AP4 induces JNK1 and a miR-22-3p/FOSL1 feed-forward loop to activate AP-1 and promote colorectal cancer metastasis

Dear Editor,

Colorectal cancer (CRC) is the third most deadly cancer worldwide [1]. The mortality of CRC has remained high due to limited treatment options for metastatic CRC (mCRC) [2]. Epithelial-mesenchymal transition (EMT) is an important contributor to mCRC [2]. The c-MYC proto-oncogene (MYC)-induced transcription factor AP4 (TFAP4/AP4) is a driver of EMT, thereby presumably facilitates mCRC [3, 4]. The mitogen-activated protein kinase (MAPK)/c-Jun N-terminal kinase (JNK)/activator protein-1 (AP-1) pathway has been implicated in the regulation of EMT and mCRC [5].

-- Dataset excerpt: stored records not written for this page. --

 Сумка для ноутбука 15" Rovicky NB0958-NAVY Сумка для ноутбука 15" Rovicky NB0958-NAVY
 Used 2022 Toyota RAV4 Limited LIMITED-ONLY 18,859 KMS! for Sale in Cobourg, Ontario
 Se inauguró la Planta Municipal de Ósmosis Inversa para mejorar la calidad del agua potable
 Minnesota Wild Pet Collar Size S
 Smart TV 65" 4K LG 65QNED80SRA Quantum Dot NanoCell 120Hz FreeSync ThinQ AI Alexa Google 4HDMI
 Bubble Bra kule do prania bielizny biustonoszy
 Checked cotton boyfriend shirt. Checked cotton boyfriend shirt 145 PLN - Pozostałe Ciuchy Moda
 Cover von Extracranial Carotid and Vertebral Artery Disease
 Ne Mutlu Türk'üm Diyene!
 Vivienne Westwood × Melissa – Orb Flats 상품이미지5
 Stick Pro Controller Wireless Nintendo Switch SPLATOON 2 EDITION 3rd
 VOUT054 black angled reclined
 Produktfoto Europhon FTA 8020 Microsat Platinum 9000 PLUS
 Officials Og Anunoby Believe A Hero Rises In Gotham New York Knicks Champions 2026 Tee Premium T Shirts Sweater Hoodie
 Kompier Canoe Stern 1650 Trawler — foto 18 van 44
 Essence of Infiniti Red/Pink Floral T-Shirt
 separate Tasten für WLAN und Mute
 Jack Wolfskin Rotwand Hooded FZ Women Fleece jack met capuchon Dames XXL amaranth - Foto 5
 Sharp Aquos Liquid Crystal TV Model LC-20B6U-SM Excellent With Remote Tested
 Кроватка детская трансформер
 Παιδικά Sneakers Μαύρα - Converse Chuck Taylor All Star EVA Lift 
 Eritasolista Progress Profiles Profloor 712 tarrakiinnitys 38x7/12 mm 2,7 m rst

Here, we analyzed whether AP4 regulates components of the MAPK/JNK/AP-1 pathway after MYC activation using CRC cells rendered AP4-deficient by a clustered regularly interspaced short palindromic repeats (CRISPR)/CRISPR-associated protein 9 (Cas9) approach. The detailed methods are shown in the Supplementary file. First, we grouped MYC-induced changes in mRNA expression observed in the CRC cell line DLD-1 AP4 wild-type 1/pRTR-c-MYC-VSV (AP4-WT1 DLD-1/pRTR-c-MYC-VSV) into 6 non-overlapping expression clusters (Supplementary Figure S1A, left), with cluster 1 representing mRNAs down-regulated, and clusters 2-6 representing different patterns of mRNA up-regulated after MYC activation. MAPK signaling pathway components were strongly over-represented in cluster 6 (Supplementary Figure S1A, right). The AP4 targets MIR22 host gene (MIR22HG) and E-cadherin 1 (CDH1) were down-regulated after MYC activation in AP4-WT1 DLD-1/pRTR-c-MYC-VSV cells (Supplementary Figure S1B). MAPK signaling effectors, including c-Fos proto-oncogene (FOS), c-Jun proto-oncogene (JUN) and c-JunB proto-oncogene (JUNB), were over-represented in cluster 6. Additional MAPK signaling pathway components. such as c-Jun N-terminal kinase 1 (JNK1), mitogen-activated protein kinase kinase kinase 1 (MAP3K1), mitogen-activated protein kinase kinase kinase 13 (MAP3K13), mitogen-activated protein kinase kinase 3 (MAP2K3), mitogen-activated protein kinase kinase 7 (MAP2K7) and FOS-like 1 (FOSL1) were found in clusters 3-5 (Supplementary Figure S1B). Interestingly, MAP3K13, MAP2K7, JNK1 and FOSL1 were induced by MYC in an AP4-dependent manner (Supplementary Figure S1C-D).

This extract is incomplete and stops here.